All the data must be output exactly as given.
=======
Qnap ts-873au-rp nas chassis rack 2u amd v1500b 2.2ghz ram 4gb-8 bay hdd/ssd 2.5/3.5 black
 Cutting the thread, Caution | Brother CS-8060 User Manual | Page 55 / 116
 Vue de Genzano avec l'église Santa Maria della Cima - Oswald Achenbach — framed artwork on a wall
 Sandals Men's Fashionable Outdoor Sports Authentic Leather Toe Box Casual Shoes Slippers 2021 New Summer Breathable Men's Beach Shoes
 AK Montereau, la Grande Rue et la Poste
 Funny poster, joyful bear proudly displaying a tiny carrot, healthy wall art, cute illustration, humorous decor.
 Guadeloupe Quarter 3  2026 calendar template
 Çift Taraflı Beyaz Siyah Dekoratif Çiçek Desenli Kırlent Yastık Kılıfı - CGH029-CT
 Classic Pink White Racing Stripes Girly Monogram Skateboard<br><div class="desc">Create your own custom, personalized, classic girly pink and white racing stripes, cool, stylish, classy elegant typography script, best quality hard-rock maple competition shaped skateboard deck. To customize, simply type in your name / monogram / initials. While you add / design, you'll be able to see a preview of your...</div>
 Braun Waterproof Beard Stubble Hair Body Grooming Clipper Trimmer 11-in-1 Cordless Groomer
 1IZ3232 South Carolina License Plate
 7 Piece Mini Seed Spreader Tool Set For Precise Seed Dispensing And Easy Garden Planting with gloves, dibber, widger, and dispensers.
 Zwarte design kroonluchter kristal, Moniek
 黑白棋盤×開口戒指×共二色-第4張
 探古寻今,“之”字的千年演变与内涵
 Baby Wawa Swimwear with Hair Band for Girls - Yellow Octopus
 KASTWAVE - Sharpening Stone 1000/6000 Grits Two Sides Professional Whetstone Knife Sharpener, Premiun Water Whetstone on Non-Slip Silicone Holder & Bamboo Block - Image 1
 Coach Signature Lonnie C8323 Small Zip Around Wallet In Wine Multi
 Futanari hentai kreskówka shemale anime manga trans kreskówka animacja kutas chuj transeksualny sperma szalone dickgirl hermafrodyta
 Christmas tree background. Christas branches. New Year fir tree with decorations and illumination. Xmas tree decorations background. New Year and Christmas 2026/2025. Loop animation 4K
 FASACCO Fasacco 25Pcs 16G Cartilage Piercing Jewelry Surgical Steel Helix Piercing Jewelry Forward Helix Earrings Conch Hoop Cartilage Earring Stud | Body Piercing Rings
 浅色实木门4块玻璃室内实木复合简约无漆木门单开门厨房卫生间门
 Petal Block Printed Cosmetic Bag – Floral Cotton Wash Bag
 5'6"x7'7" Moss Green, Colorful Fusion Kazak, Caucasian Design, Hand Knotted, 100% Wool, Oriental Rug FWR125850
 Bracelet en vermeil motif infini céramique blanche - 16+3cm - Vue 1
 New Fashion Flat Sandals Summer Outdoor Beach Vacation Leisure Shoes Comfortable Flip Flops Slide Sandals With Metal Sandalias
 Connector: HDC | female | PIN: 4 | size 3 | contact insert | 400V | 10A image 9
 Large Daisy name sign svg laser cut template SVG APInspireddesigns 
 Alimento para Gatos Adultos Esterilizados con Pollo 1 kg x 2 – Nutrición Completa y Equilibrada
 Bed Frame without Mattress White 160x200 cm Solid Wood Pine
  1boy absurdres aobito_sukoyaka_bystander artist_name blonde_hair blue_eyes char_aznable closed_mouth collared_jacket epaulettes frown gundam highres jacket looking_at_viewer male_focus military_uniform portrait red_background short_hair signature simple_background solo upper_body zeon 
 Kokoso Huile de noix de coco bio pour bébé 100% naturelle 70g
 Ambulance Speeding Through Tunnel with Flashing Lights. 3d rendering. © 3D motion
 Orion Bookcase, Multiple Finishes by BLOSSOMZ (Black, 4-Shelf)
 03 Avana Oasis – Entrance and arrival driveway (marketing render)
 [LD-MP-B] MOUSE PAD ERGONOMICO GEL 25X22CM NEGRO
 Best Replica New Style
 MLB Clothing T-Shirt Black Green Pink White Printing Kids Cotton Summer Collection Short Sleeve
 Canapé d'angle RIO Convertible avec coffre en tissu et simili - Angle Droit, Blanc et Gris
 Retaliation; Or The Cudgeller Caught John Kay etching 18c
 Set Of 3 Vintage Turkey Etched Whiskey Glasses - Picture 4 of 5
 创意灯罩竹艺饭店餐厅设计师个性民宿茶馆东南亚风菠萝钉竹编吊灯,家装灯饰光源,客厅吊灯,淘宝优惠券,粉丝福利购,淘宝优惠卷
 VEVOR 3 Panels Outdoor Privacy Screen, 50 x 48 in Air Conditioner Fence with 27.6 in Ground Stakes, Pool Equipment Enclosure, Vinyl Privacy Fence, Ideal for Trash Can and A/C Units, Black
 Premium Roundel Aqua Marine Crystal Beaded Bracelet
=======
Result of this exercise:
Qnap ts-873au-rp nas chassis rack 2u amd v1500b 2.2ghz ram 4gb-8 bay hdd/ssd 2.5/3.5 black
 Cutting the thread, Caution | Brother CS-8060 User Manual | Page 55 / 116
 Vue de Genzano avec l'église Santa Maria della Cima - Oswald Achenbach — framed artwork on a wall
 Sandals Men's Fashionable Outdoor Sports Authentic Leather Toe Box Casual Shoes Slippers 2021 New Summer Breathable Men's Beach Shoes
 AK Montereau, la Grande Rue et la Poste
 Funny poster, joyful bear proudly displaying a tiny carrot, healthy wall art, cute illustration, humorous decor.
 Guadeloupe Quarter 3  2026 calendar template
 Çift Taraflı Beyaz Siyah Dekoratif Çiçek Desenli Kırlent Yastık Kılıfı - CGH029-CT
 Classic Pink White Racing Stripes Girly Monogram Skateboard<br><div class="desc">Create your own custom, personalized, classic girly pink and white racing stripes, cool, stylish, classy elegant typography script, best quality hard-rock maple competition shaped skateboard deck. To customize, simply type in your name / monogram / initials. While you add / design, you'll be able to see a preview of your...</div>
 Braun Waterproof Beard Stubble Hair Body Grooming Clipper Trimmer 11-in-1 Cordless Groomer
 1IZ3232 South Carolina License Plate
 7 Piece Mini Seed Spreader Tool Set For Precise Seed Dispensing And Easy Garden Planting with gloves, dibber, widger, and dispensers.
 Zwarte design kroonluchter kristal, Moniek
 黑白棋盤×開口戒指×共二色-第4張
 探古寻今,“之”字的千年演变与内涵
 Baby Wawa Swimwear with Hair Band for Girls - Yellow Octopus
 KASTWAVE - Sharpening Stone 1000/6000 Grits Two Sides Professional Whetstone Knife Sharpener, Premiun Water Whetstone on Non-Slip Silicone Holder & Bamboo Block - Image 1
 Coach Signature Lonnie C8323 Small Zip Around Wallet In Wine Multi
 Futanari hentai kreskówka shemale anime manga trans kreskówka animacja kutas chuj transeksualny sperma szalone dickgirl hermafrodyta
 Christmas tree background. Christas branches. New Year fir tree with decorations and illumination. Xmas tree decorations background. New Year and Christmas 2026/2025. Loop animation 4K
 FASACCO Fasacco 25Pcs 16G Cartilage Piercing Jewelry Surgical Steel Helix Piercing Jewelry Forward Helix Earrings Conch Hoop Cartilage Earring Stud | Body Piercing Rings
 浅色实木门4块玻璃室内实木复合简约无漆木门单开门厨房卫生间门
 Petal Block Printed Cosmetic Bag – Floral Cotton Wash Bag
 5'6"x7'7" Moss Green, Colorful Fusion Kazak, Caucasian Design, Hand Knotted, 100% Wool, Oriental Rug FWR125850
 Bracelet en vermeil motif infini céramique blanche - 16+3cm - Vue 1
 New Fashion Flat Sandals Summer Outdoor Beach Vacation Leisure Shoes Comfortable Flip Flops Slide Sandals With Metal Sandalias
 Connector: HDC | female | PIN: 4 | size 3 | contact insert | 400V | 10A image 9
 Large Daisy name sign svg laser cut template SVG APInspireddesigns 
 Alimento para Gatos Adultos Esterilizados con Pollo 1 kg x 2 – Nutrición Completa y Equilibrada
 Bed Frame without Mattress White 160x200 cm Solid Wood Pine
  1boy absurdres aobito_sukoyaka_bystander artist_name blonde_hair blue_eyes char_aznable closed_mouth collared_jacket epaulettes frown gundam highres jacket looking_at_viewer male_focus military_uniform portrait red_background short_hair signature simple_background solo upper_body zeon 
 Kokoso Huile de noix de coco bio pour bébé 100% naturelle 70g
 Ambulance Speeding Through Tunnel with Flashing Lights. 3d rendering. © 3D motion
 Orion Bookcase, Multiple Finishes by BLOSSOMZ (Black, 4-Shelf)
 03 Avana Oasis – Entrance and arrival driveway (marketing render)
 [LD-MP-B] MOUSE PAD ERGONOMICO GEL 25X22CM NEGRO
 Best Replica New Style
 MLB Clothing T-Shirt Black Green Pink White Printing Kids Cotton Summer Collection Short Sleeve
 Canapé d'angle RIO Convertible avec coffre en tissu et simili - Angle Droit, Blanc et Gris
 Retaliation; Or The Cudgeller Caught John Kay etching 18c
 Set Of 3 Vintage Turkey Etched Whiskey Glasses - Picture 4 of 5
 创意灯罩竹艺饭店餐厅设计师个性民宿茶馆东南亚风菠萝钉竹编吊灯,家装灯饰光源,客厅吊灯,淘宝优惠券,粉丝福利购,淘宝优惠卷
 VEVOR 3 Panels Outdoor Privacy Screen, 50 x 48 in Air Conditioner Fence with 27.6 in Ground Stakes, Pool Equipment Enclosure, Vinyl Privacy Fence, Ideal for Trash Can and A/C Units, Black
 Premium Roundel Aqua Marine Crystal Beaded Bracelet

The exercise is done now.